Since we first started with the tool, we have actually received user feedback that people often want to "come back to it later" for certain images and we're trying to find a happy medium with users who want to remove images from their queue completely. At the moment, we're primarily investigating whether the explicit option for a user to add their own tag if none of the suggested ones work and get it out of the queue will serve as a clear middle ground for the various user desires.

@Ramsey-WMF - I still imagine there will be a use case for removing images without adding a tag. What happens currently if someone else tags one of the images in my personal queue before I do? Does it remain in my queue or get removed? If it remains, that would be a good example of a case where there may be no need to add more tags.

Here's a slightly long but hopefully thorough answer 🙂

Currently if someone adds a depicts statement to one of your files before you do, it stays in the queue. There are several possible scenarios when tagging personal uploads via SuggestedTags:

  1. The image currently has no depicts statements (this is the case the vast majority of the time)
  2. Someone else already added depicts statements for that image, but not the ones you would add (this is less common, with only 3% of Commons files with depicts statements so far and most of those added via bots that aren't running anymore, but it still happens occasionally)
  3. Someone else already added depicts statements for that image and added all the exact value(s) you would add (very rare, in part because we don't queue files that have >1 depicts statement already)

No.2 is one reason why we keep the image in the queue (besides performance issues, added code complexity, etc.). Also, initial usage tests showed that not all users are keeping an eye on watchlists so they don't know when someone else edits their image and then wonder why one of their uploads is missing from their Personal Uploads queue.

Although No. 3 is pretty rare it does indeed happen, almost entirely with the images in "popular" queue, but ideally it ends up not mattering much because the tool shouldn't add a statement that already exists. Unfortunately, there's currently a regression that broke that check (plus, it should ideally be part of Wikibase which we are looking into with WMDE). We'll get that fix up ASAP.

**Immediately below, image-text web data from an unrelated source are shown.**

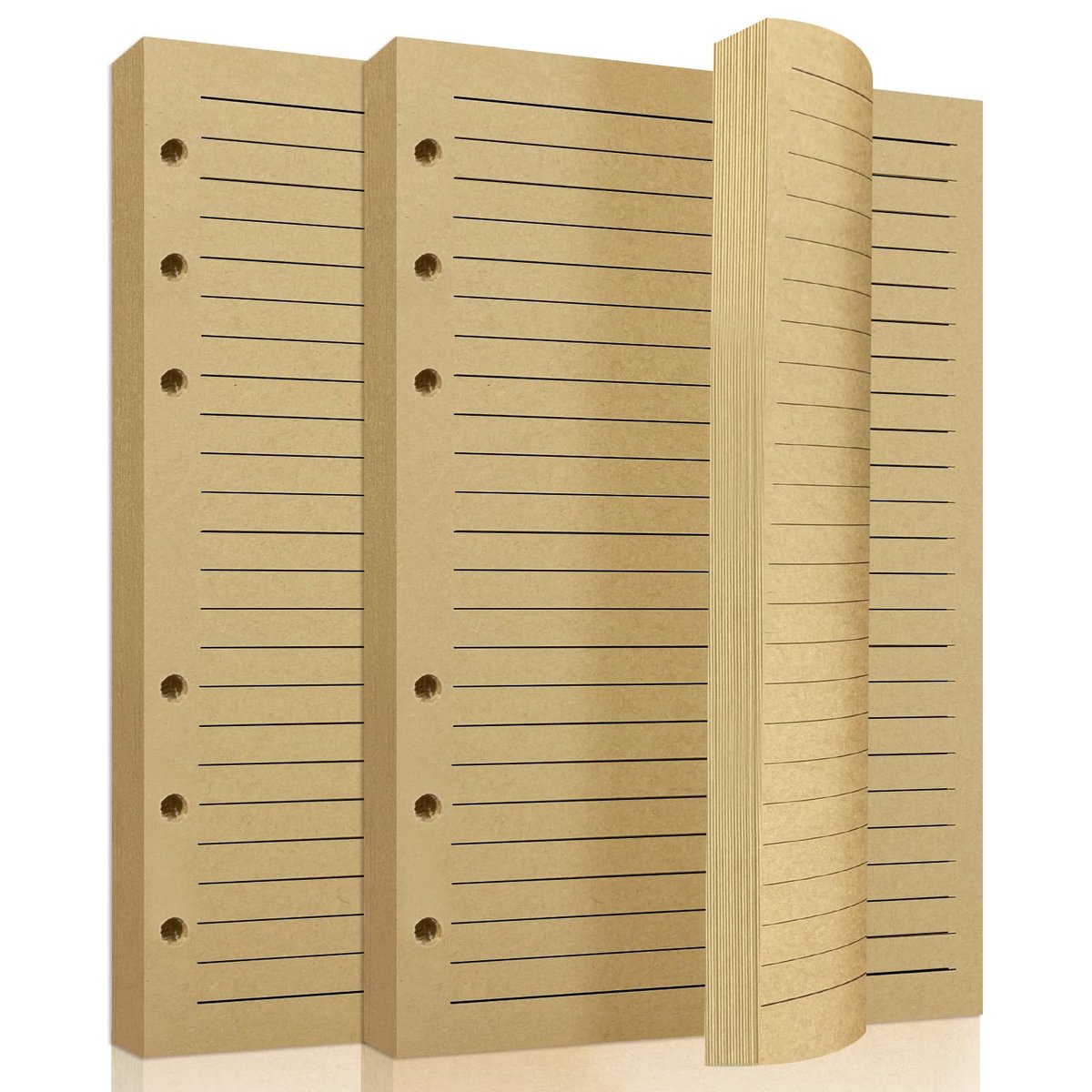 Notitieboek navulpapier A5 - gelinieerd kraftpapier - 135 afbeeldingen - ideaal voor notities - ShopVlot
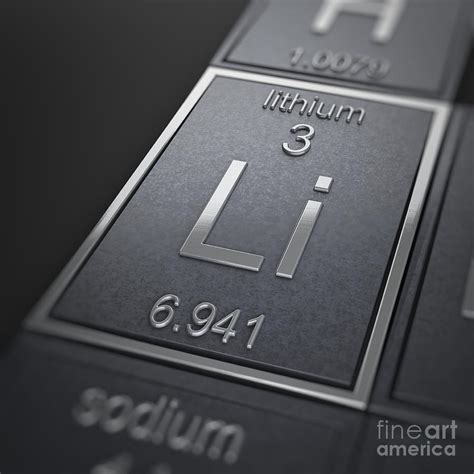 Lithium Chemical Element Photograph by Science Picture Co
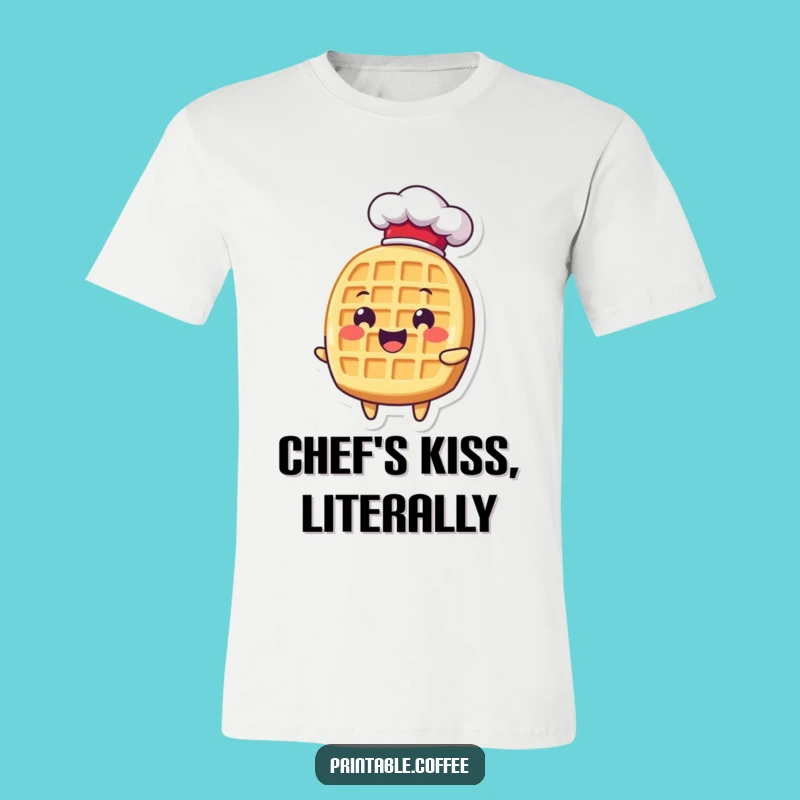 Funny Waffle Chef Hat T-Shirt: Wear Your Delightful Breakfast Humor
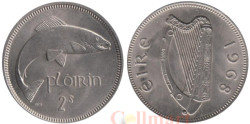Ирландия. 2 шиллинга (флорин) 1968 год. Лосось.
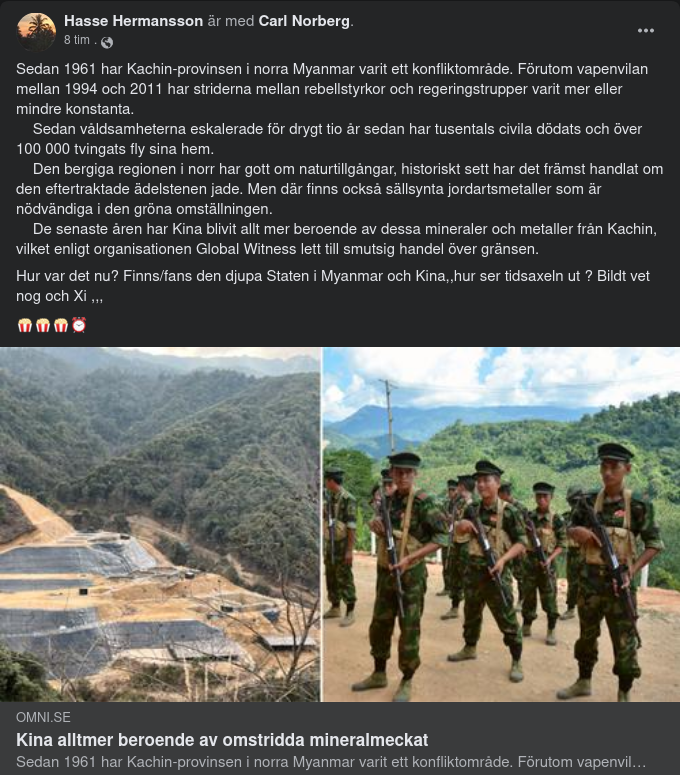 Kachin-Provinsen I Myanmar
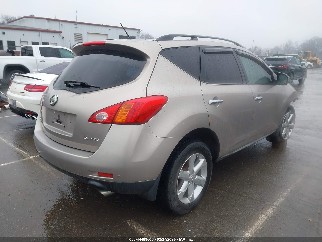 2009 Nissan Murano, VIN JN8AZ18W39W106837. Фото 4 з 6 з аукціону IAAI. Каталог авто зі США OpenDataCar.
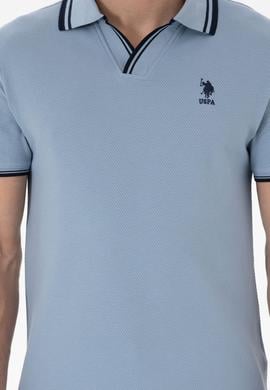 Erkek Slim Fit Polo Yaka Mavi Tişört - 50298081051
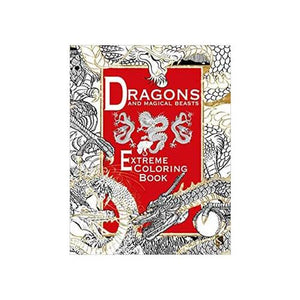 Dragons & Magical Beasts Extreme Coloring Book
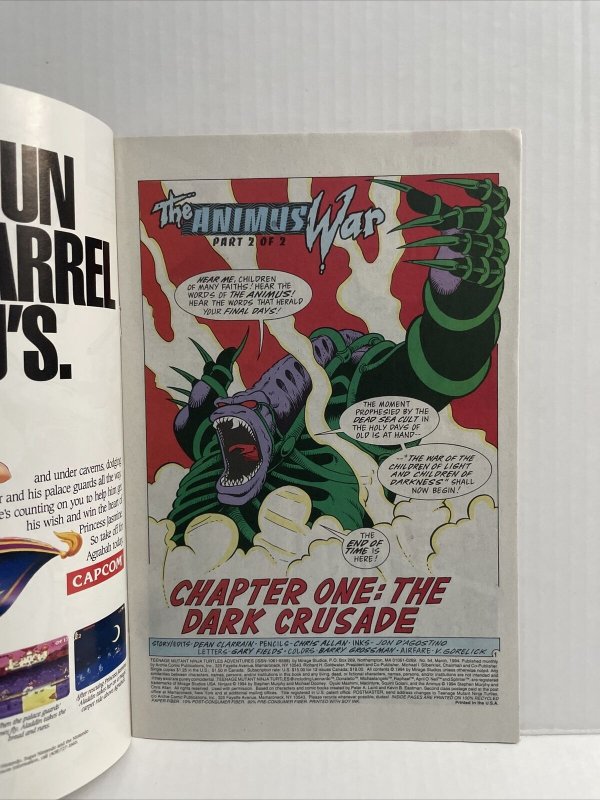 Teenage Mutant Ninja Turtles Adventures #54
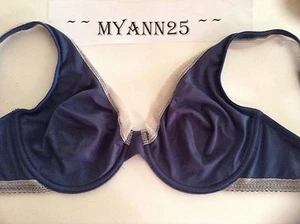 Sujetador Victoria's Secret Sin Forro Demi Sexy Azul 32B Victoria's Nuevo con Etiquetas M780 - Imagen 1 de 2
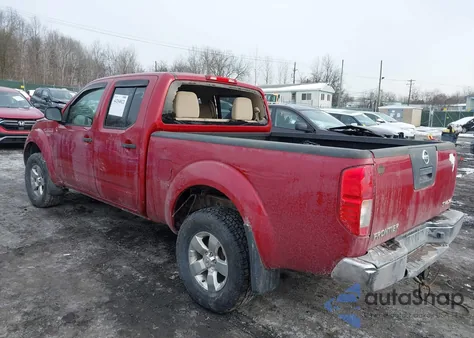 2012 Nissan Frontier Sv z USA, uszkodzony, nr VIN 1N6AD0FV3CC443786
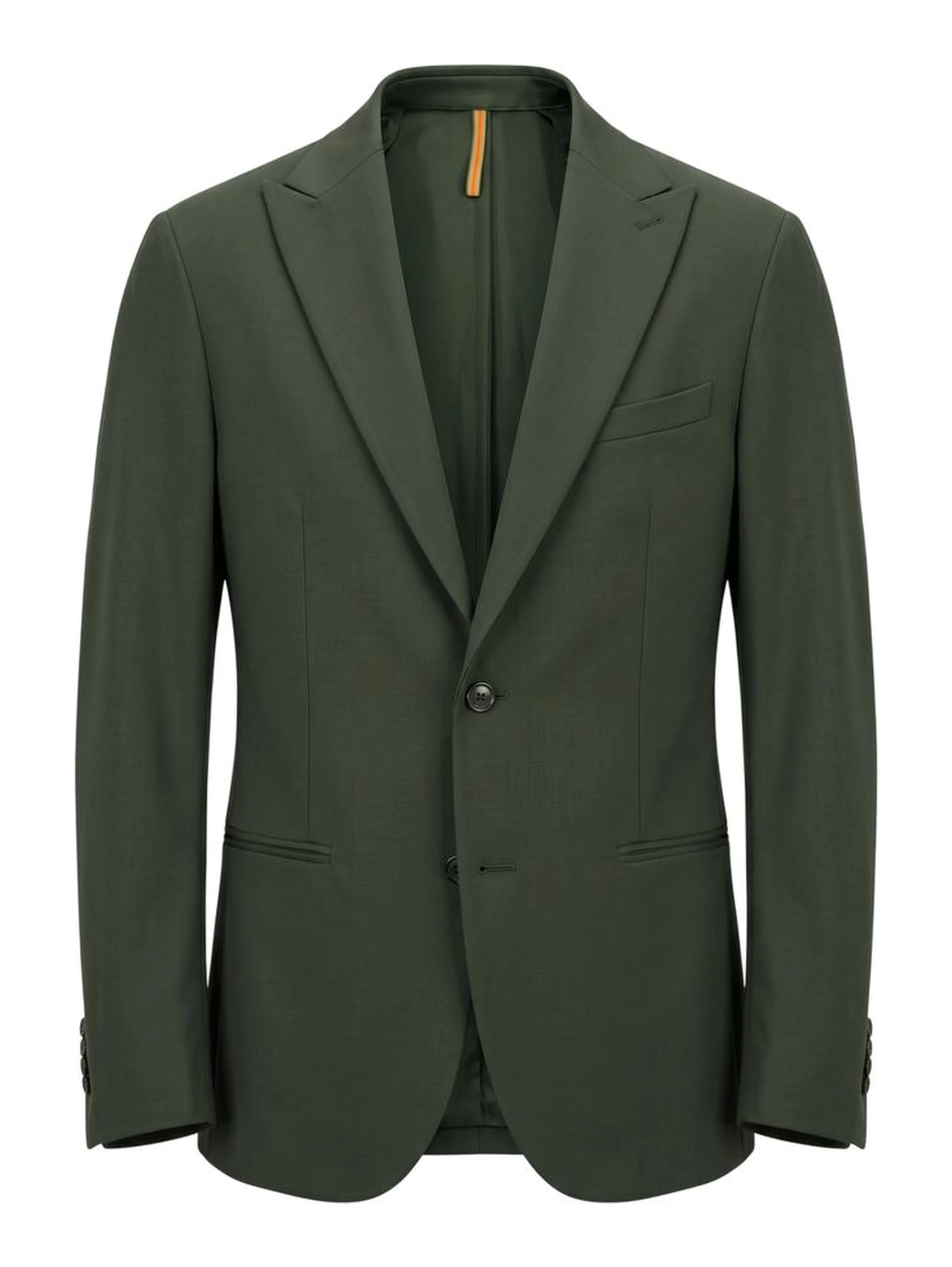 Green Viscose Men's Jacket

With all that said, I want to emphasize that we are still considering a "discard" option. We did a couple rounds of design-dev sessions and came up with an approach that satisfied both the "I'll get to it later" and the "remove from queue" use cases while not being confusing, but it does add complexity to a tool that aims to be as simple as possible so we're keeping that option in the back pocket for now, especially if the cases where it is needed are pretty rare and "Add Tag" covers most of the cases where discard would be needed.

The original cause of the problem is fixed, and should not occur in the future. Since we started this, we've added the Add Tag functionality and that appears to be doing the job for the vast majority of use cases (just add a tag to get rid of it). Additionally, we've fixed the issue where duplicate statements were being added.